Allina Health System, Virginia Piper Cancer Institute, Minneapolis, MN.
Hospital Pathology Associates, Allina Health Laboratories, Minneapolis, MN.
Clin Breast Cancer. 2021 Feb;21(1):47-56. doi: 10.1016/j.clbc.2020.07.003. Epub 2020 Jul 9.
Although breast cancer (BC) is uncommon in women age ≤ 35 years, women in this age group may have more aggressive cancer subtypes and high-risk pathogenic variants (HRPVs). Higher recurrence and mortality rates in young patients may be related to differences in tumor biology, pathologic mutation status, or treatment. The purpose of this study was to evaluate germline mutation status and other factors that affect recurrence-free survival (RFS) and overall survival (OS) in young women with BC.
This was a retrospective study of women diagnosed with BC at age ≤ 35 years at Allina Health System from 2000 through 2017 (n = 306). Information was collected on germline mutation status, tumor characteristics (grade, hormone receptor, and human epidermal growth factor receptor 2), molecular subtype, pregnancy-associated cancers, and treatment. Survival analyses using Kaplan-Meier curves were conducted for RFS and OS.
With mean follow-up of 6.5 years, OS was 87.0% for invasive cancers, RFS was 84.7%; 69% obtained genetic testing, and 26.9% had HRPVs. There were no differences in RFS or OS between patients with HRPV versus unknown/low/moderate risk variants. Recurrence analysis showed increased recurrence rates in luminal B-like cancers followed by triple negative and human epidermal growth factor receptor 2-positive cancers (P = .041). Pregnancy-associated BC diagnoses, angiolymphatic invasion, and tumor stage were associated with reduced OS. In spite of young age at diagnosis, nearly one-third of patients did not receive germline genetic testing.

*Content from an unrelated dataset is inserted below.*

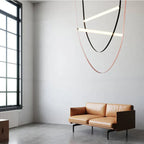 Afralia Leather Belt Chandelier: Modern Glass Tube Designer Lighting for Home, Restaurant & Villa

Similar survival patterns were found between women with HRPV versus no known mutations. Luminal B-like subtype, pregnancy-associated BC, angiolymphatic invasion, and cancer stage were associated with reduced OS.
尽管乳腺癌(BC)在年龄≤35 岁的女性中不常见,但该年龄段的女性可能具有更具侵袭性的癌症亚型和高风险的致病性变异(HRPVs)。年轻患者的复发率和死亡率较高可能与肿瘤生物学、病理突变状态或治疗的差异有关。本研究的目的是评估年轻 BC 女性的种系突变状态和其他影响无复发生存(RFS)和总生存(OS)的因素。
这是一项回顾性研究,纳入 2000 年至 2017 年期间在 Allina Health System 被诊断为 BC 且年龄≤35 岁的女性(n=306)。收集了种系突变状态、肿瘤特征(分级、激素受体和人表皮生长因子受体 2)、分子亚型、妊娠相关癌症和治疗信息。采用 Kaplan-Meier 曲线进行生存分析,评估 RFS 和 OS。
平均随访 6.5 年后,浸润性癌症的 OS 为 87.0%,RFS 为 84.7%;69%的患者接受了基因检测,26.9%的患者存在 HRPVs。HRPV 与未知/低/中风险变异患者的 RFS 或 OS 无差异。复发分析显示,在 luminal B-like 型癌症后,三阴性和人表皮生长因子受体 2 阳性癌症的复发率更高(P=0.041)。妊娠相关 BC 诊断、血管淋巴管侵犯和肿瘤分期与 OS 降低相关。尽管诊断时年龄较小,但近三分之一的患者未接受种系基因检测。
HRPV 与无已知突变的女性患者的生存模式相似。luminal B-like 亚型、妊娠相关 BC、血管淋巴管侵犯和癌症分期与 OS 降低相关。